2. My needs are valid. I wasn’t being “manipulative” when I threatened suicide in 2007 while living on my own. I was desperate. If I had really been able to cope, I would have. Similarly, I’m not being “manipulative” by trying to get into supported housing now. No, I’m not in a suicidal crisis on a daily basis anymore, like I was in 2007. However, I want to prevent it from getting that far.
3. If you want me to have a skill, teach me. This is too late, since my parents should’ve gotten this message when I was young. They expected me to be able to live fully independently right out of high school in 2005, though I didn’t have most daily living skills. I appreciate how hard it was for them to teach me growing up, but that’s no excuse to drop the ball.
4. A family is not a business. One of the reasons my parents didn’t teach me independence, was that it got in the way of them running their family efficiently. That’s not an excuse.
5. Not everything is my IQ. My parents are convinced that I am such a genius intellectually that I should be able to use it to overome all of my difficulties (except maybe my social ineptness). Also, this genius IQ enables me to manipulate the world into believing what I want them to believe, which is apparently that I’m weak and dependent and need lots of care. (I am not trying to say needing lots of care makes a person weak and dependent.) No. I would’ve graduated university and gotten a job if I could.
6. Depression is real. Some professionals believe that my childhood irritability stems from depression. I’m not sure that’s entirely true, but it’s possible. I definitely suffer from depression on and off in adulthood.

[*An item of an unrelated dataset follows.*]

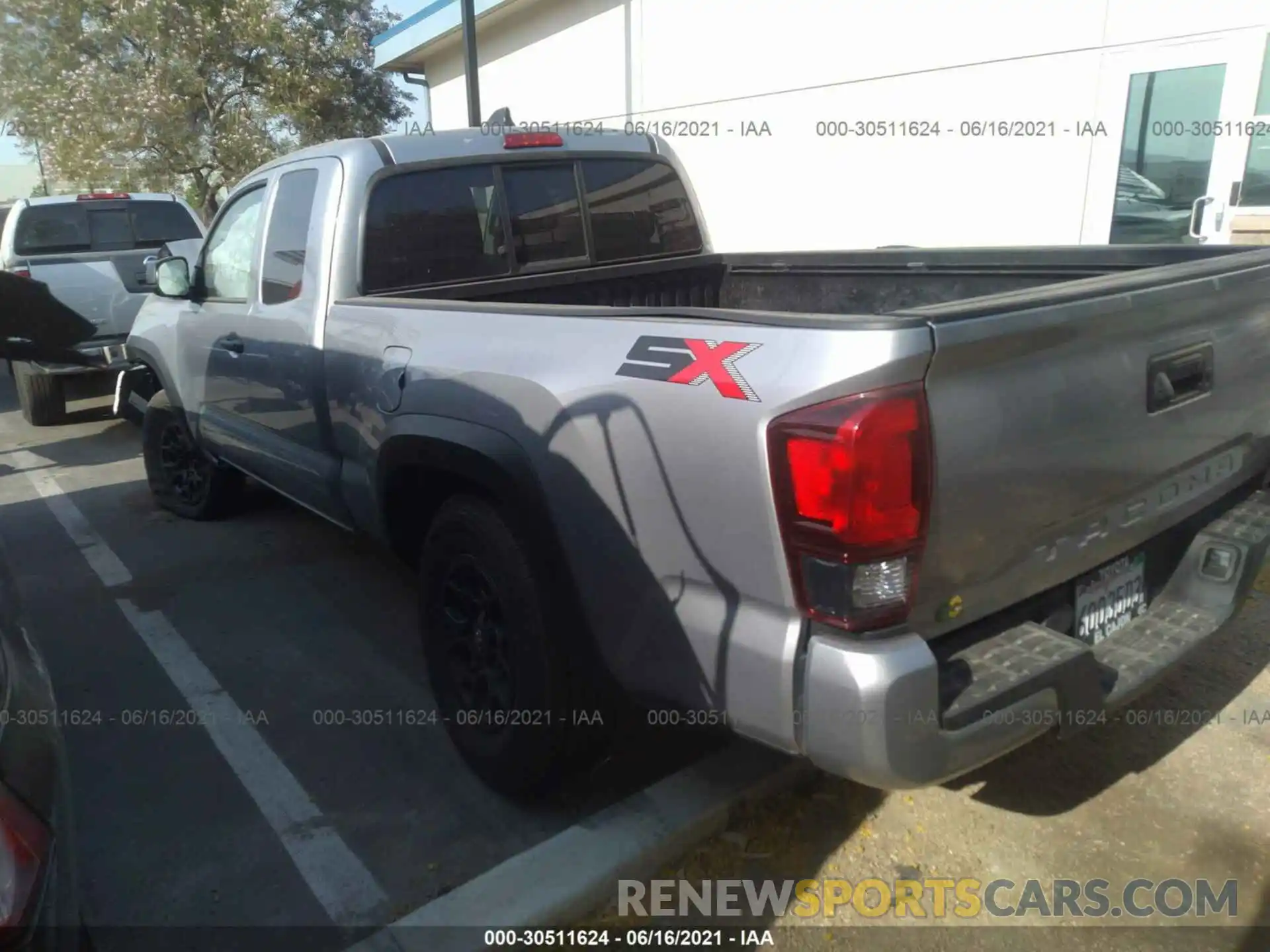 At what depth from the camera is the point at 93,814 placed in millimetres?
Result: 2959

My parents instead say it’s an attemtp on my part to make other people feel miserable, presumably because I refuse to accept the fact that I’m blind. Well, going blind can be traumatic and is not something you “just need to accept”.

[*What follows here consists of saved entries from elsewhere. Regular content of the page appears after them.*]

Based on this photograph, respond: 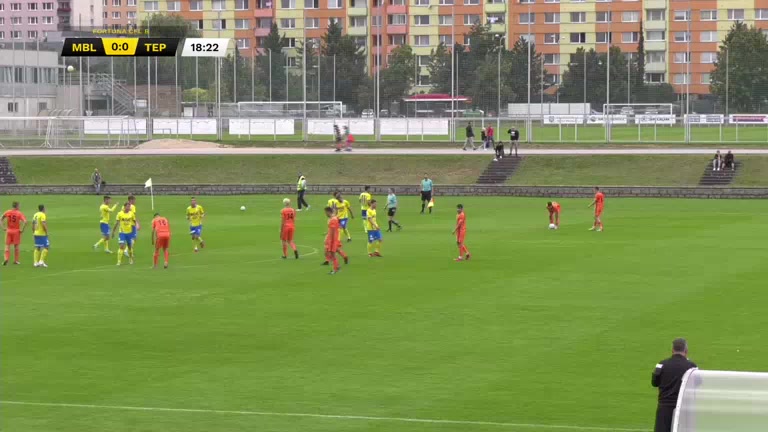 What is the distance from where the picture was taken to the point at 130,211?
108 ft

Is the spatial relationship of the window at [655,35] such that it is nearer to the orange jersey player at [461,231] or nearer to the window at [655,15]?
the window at [655,15]

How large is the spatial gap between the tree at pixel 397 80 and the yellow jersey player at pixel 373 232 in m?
55.8

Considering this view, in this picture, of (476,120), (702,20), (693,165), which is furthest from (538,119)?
(702,20)

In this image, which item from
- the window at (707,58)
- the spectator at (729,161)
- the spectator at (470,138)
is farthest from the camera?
the window at (707,58)

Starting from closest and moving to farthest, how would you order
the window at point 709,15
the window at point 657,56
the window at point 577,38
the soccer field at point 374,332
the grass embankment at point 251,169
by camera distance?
the soccer field at point 374,332
the grass embankment at point 251,169
the window at point 577,38
the window at point 709,15
the window at point 657,56

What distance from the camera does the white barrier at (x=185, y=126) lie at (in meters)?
89.3

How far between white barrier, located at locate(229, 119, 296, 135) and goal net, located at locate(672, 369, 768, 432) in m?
78.3

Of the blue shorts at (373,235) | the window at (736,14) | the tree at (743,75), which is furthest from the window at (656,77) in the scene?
the blue shorts at (373,235)

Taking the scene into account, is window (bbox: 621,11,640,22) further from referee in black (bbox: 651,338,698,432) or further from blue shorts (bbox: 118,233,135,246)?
referee in black (bbox: 651,338,698,432)

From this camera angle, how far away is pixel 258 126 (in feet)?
292

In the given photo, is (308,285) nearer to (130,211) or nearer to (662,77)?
(130,211)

Besides, depression is an illness, not a weakness or choice. When depressed, I do make other people feel miserable, but it’s not because I want to.

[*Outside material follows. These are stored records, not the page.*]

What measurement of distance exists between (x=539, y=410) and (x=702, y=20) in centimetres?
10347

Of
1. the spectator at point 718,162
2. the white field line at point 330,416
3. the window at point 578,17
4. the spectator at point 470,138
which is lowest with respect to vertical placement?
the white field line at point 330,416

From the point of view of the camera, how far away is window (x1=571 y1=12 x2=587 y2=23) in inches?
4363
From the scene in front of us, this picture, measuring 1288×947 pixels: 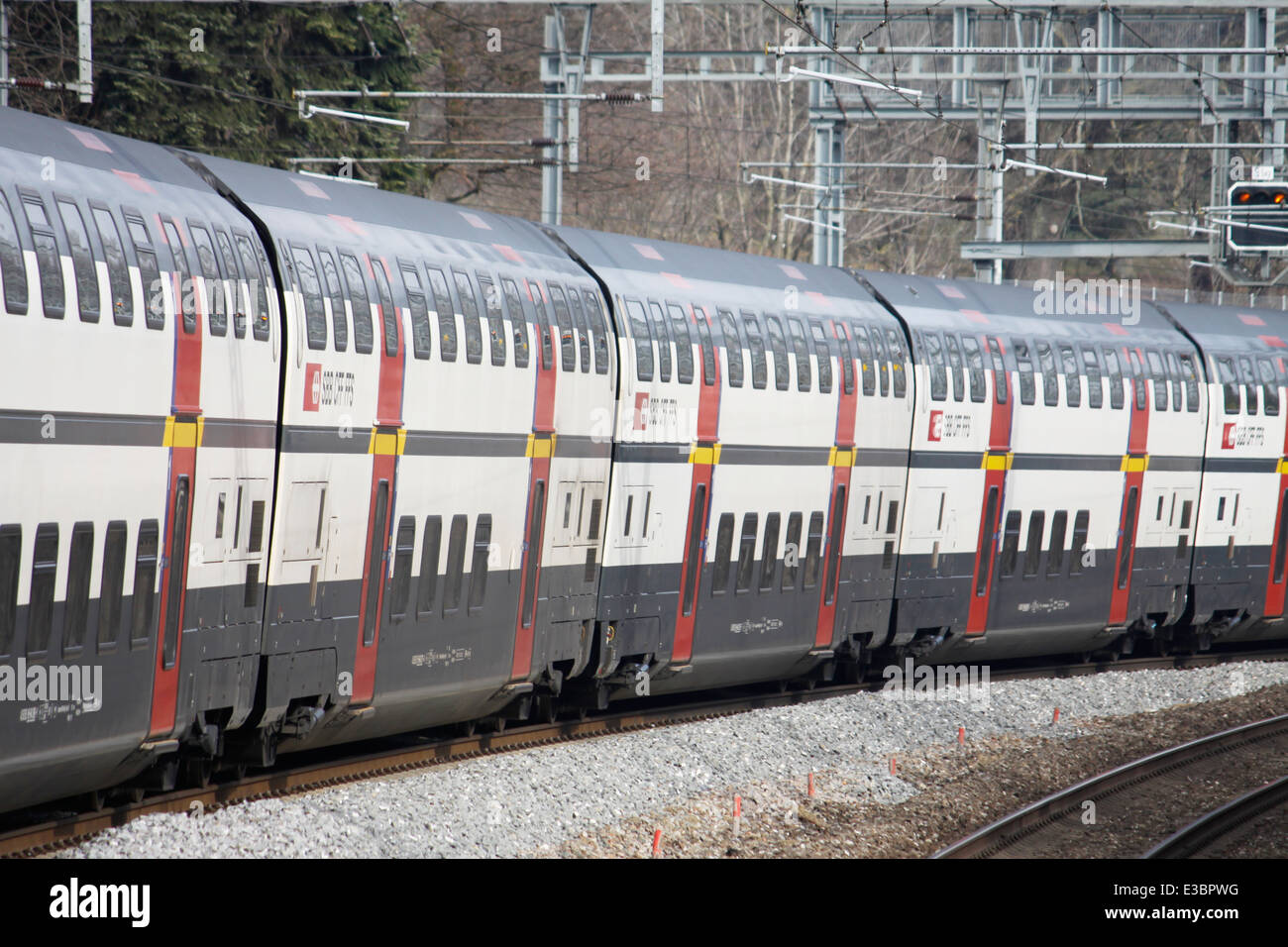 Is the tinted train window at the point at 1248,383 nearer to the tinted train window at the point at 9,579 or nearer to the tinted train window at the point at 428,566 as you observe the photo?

7. I am an adult, I make my own life choices. In 2006, my parents threatened to abandon me over my wanting to delay university one year. In 2008, they showed up at my hospital ward to take me home with them, because they didn’t agree with the social worker’s plan for my follow-up care. I’m pretty sure that, if I go into supported housing, they’ll try to guilt trip me into not doing it. I couldn’t handle that in 2006. I could in 2008. I am pretty sure that, should they decide to abandon me for good this time, I’ll be able to handle it.
I see this list sounds rather accusatory towards my parents. It is. I don’t even intend for my parents to read it. I know that I’m past setting things straight with them. They won’t change. Besides, my childhood and early adulthood won’t change. I can change to an extent, but I doubt this will lead me closer to my parents. I don’t care.